Special interest groups, including the Free Speech For People, People For the American Way, Public Citizen and Common Cause, want the ruling overturned and have been pushing for an amendment to do so.

However, constitutional amendments must be approved by two-thirds of both the U.S. House of Representatives and Senate.

After that, they must be approved by the legislatures in at least 38 states.

According to a survey by the groups, which was released this week, support for an amendment currently stands at one-third of each of those thresholds.

The number of representatives needed is 290. Currently, 98 are sponsors or co-sponsors, the survey found.

The number of senators needed is 67. Today, 27 are sponsors or co-sponsors.

As for the state legislatures, 16 have officially "called" for an amendment or have issued official resolutions or ballot measures.

"In just three years since the Supreme Court's Citizens United ruling, we have come one-third of the way to amending the U.S. Constitution to reclaim our democracy and to ensure that people, not corporations, shall govern in America," John Bonifaz, co-founder and executive director of Free Speech For People, said in a statement.

"Americans across the political spectrum are standing up to defend that fundamental promise of government of, by, and for the people."

Karen Hobert Flynn, senior vice president for strategy and programs at Common Cause, said voters and legislators are "justifiably outraged" at what Citizens United has created -- "a system of legalized bribery around our elections," she said.

Marge Baker, executive vice president of People For the American Way, added that this week's milestone represents "important progress."

"Amending our country's constitution should be difficult.
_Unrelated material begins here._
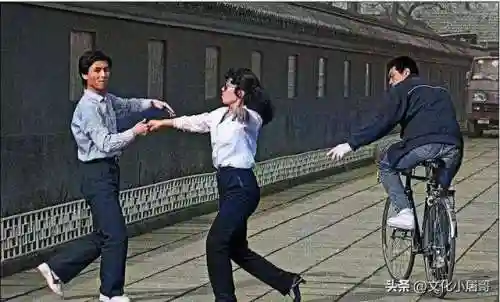大佛鬼子搭配阵容图(清面佛阵容)插图3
But this isn't the first time Americans have encountered a serious problem that needs a serious solution," she said. "Citizens United and other cases that paved the way for big money to flood our elections have given us one of those moments.

"As more states and elected officials go on record in support of an amendment, the clearer it becomes that the American people will not stand to have their voices overpowered by wealthy special interests."

The 16 states that have formally called for a constitutional amendment include: California, Colorado, Connecticut, Delaware, Hawaii, Illinois, Maine, Maryland, Massachusetts, Montana, New Jersey, New Mexico, Oregon, Rhode Island, Vermont and West Virginia.

In addition, nearly 500 cities, towns and counties, including New York, Los Angeles, Chicago and Philadelphia have called for an amendment, and more than 2,000 elected officials nationwide support one.